Sunday, February 24, 2019

Jesus dresses us – 1 Cor 15:45-49

Seventh Sunday of OT, Year C; Holy Infant parish, Mass with baptism.


Tomorrow night, the winners of this year’s Academy Awards will be announced. But, before the ceremony officially begins, we’ll have the pre-ceremony, the red carpet walk. Person after person, especially the celebrities who are women, but increasingly the men too, will be asked: “Who are you wearing?” Not what, but who. The radio station I normally listen on my drive into work each morning was inspired by this, this past week, to ask the same question of people who workin their office, and received such answers as, “I’m wearing H and M” or, “tonight, I’m wearing Targé(t).” For the record, my alb’s by Patti Schlarb and stole and chasuble by Slabbink. But, the deeper answer, the answer that St. Paul told the Christians in Corinth, is that we are wearing Adam, and we will wear Christ.


Wearing Adam isn’t entirely bad. Adam had his life breathed into him by God, via God blowing God’s own Spirit through Adam’s nostrils in a messy act of intimacy. Adam was given a mission, tend the garden; he was given community, Eve to work with and be with, in a complete partnership of life; and he was given law, don’t eat this one fruit. Until he broke the law, he seemed to do pretty well at his mission and he and Eve seemed form a model of community, of communion, of family. To wear Adam is to have our lives tell that story of Adam. That we have been tenderly shaped and enlivened by God, that we have a mission to tend this world, and we are people formed to be in communion, in relationship, formed for family, whatever shape that takes. It also means we are a people whose actions matter, who are capable of doing right and doing wrong. And it means we have done wrong.

But God does not leave us so. God does not let our wrong have the final word. God clothes us with Christ.

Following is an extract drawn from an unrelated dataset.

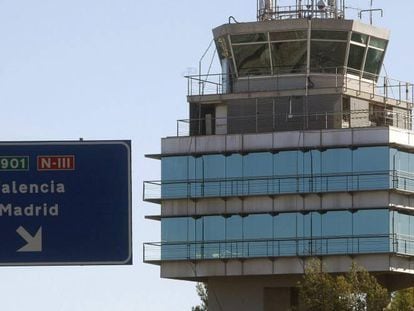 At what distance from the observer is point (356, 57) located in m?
121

To be clothed with Christ is to let our lives shine with the story of Christ, the story of sacrifice, the story of a love so powerful it loved us to the end and then refused to let the end be the end, and rose from the dead be with us again.

In his letter to the Romans, Paul described baptism as dying and rising with Christ; being baptized into Christ’s death that we might be baptized into his resurrection. The waters of baptism are cleansing, are healing, they wash away the personal sins of adults and older children and, in infants, wash away that sin of Adam that inclines us away from the good. They’re waters that wash, but they’re also burial waters. That’s easier to see maybe with an immersion baptism but it’s just as sacramentally true with a pouring baptism. Baptism begins that process of being clothed with Christ by bringing the new Christians into the baptismal priesthood, equipping them to offer every sorrow of their lives as a sacrifice joined with Christ’s perfect sacrifice, helping them to start always choosing love, even when that’s hard.

It’s a beginning, it’s a first step. That’s why Paul speaks in the future tense, we will wear Christ, even though Christ embraces now in baptism. Putting on Christ isn’t like being forced into a straitjacket. It’s a slow process of lovingly fastening this new identity to ourselves because we delight in it, of becoming who we wear. It’s a wonderful journey N is just starting out on today. She’ll need the witness of her parents and godparents in a special way, and of the whole church. But, today she gets the gift, she gets the outfit she’ll grow into, so one day she can stand shoulder to shoulder with the saints in heaven, as all delight to cry out, “We’re wearing Christ.”